#### EXERCISE INSTRUCTIONS
Begin your copy at the line that holds "Духовой шкаф Beko" and carry it through the final line of the data, writing out each line exactly and omitting pictures.

#### AVAILABLE RECORDS
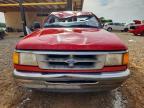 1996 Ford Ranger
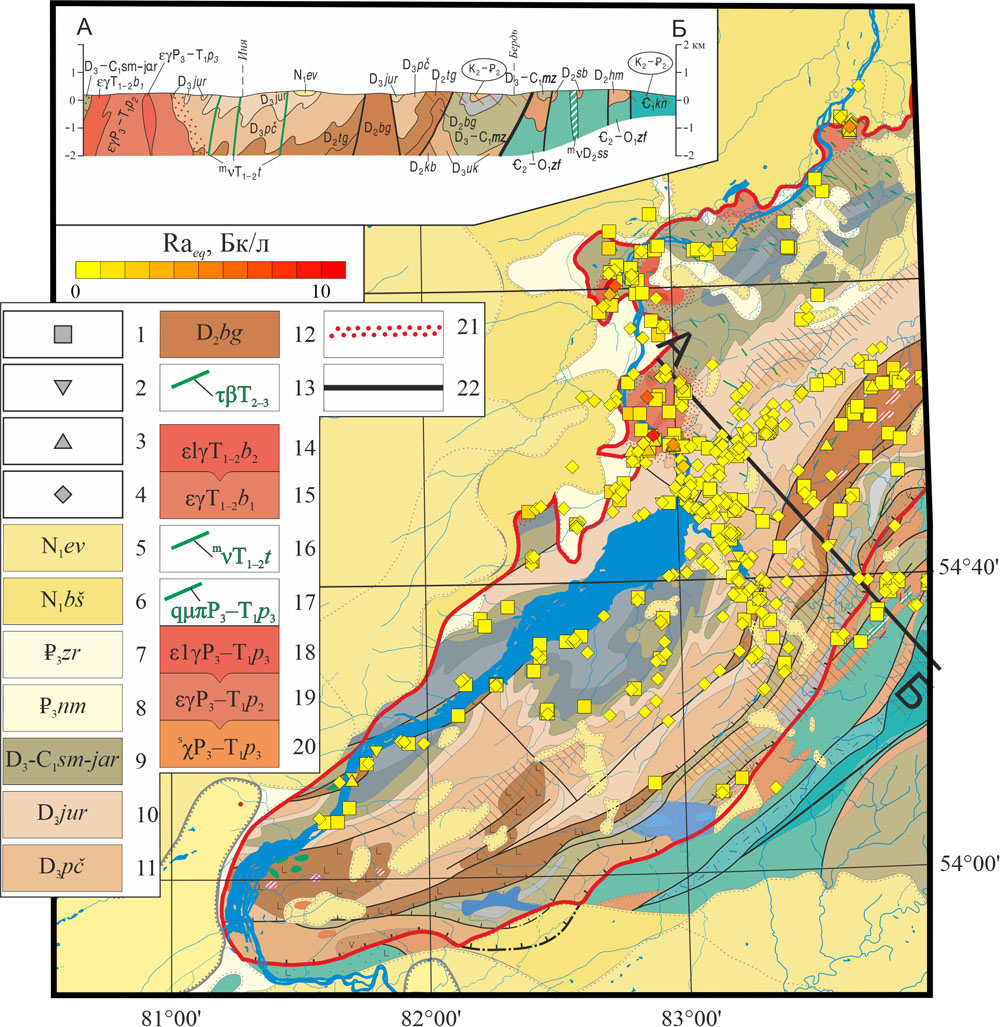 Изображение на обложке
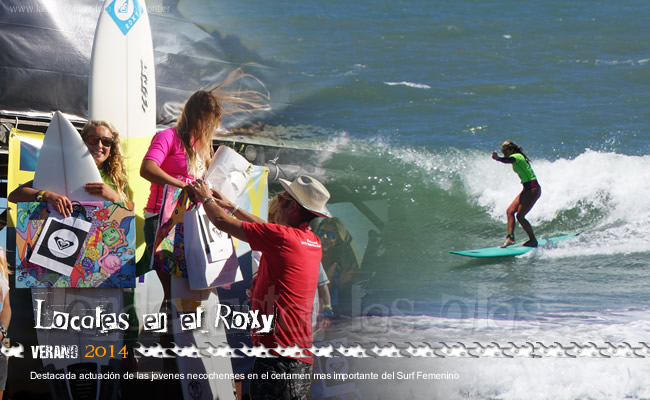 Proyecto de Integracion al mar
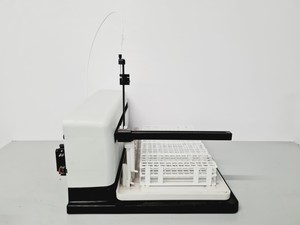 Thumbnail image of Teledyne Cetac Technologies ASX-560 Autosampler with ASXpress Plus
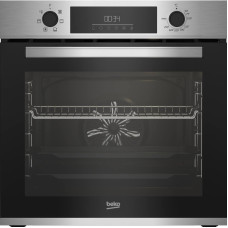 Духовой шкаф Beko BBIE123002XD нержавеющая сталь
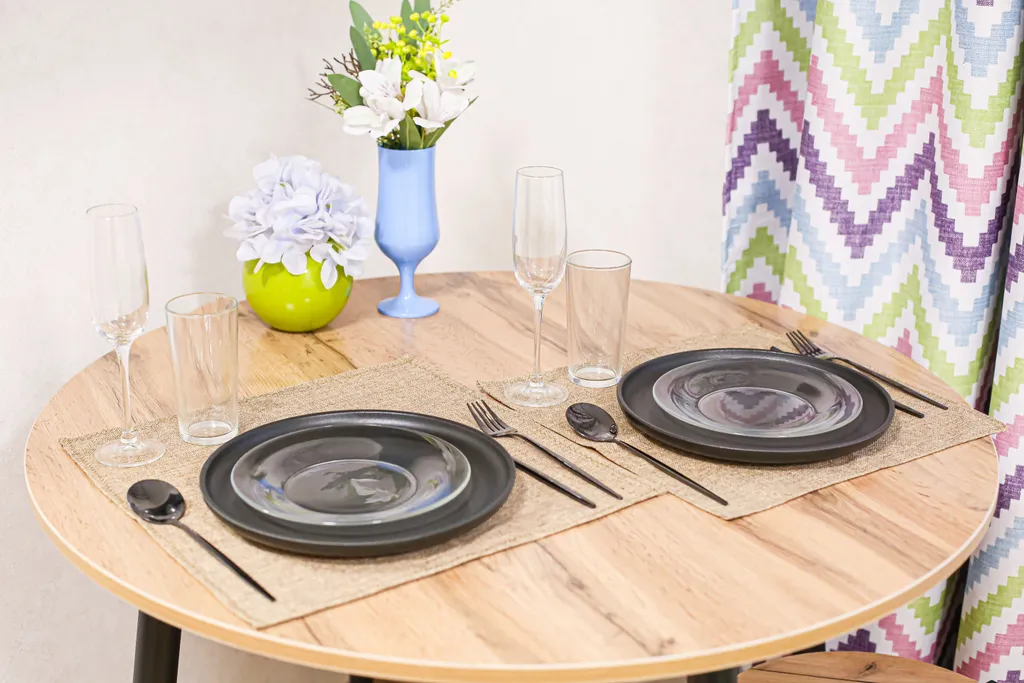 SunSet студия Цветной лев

#### OUTPUT OF THE TASK
 Духовой шкаф Beko BBIE123002XD нержавеющая сталь
 SunSet студия Цветной лев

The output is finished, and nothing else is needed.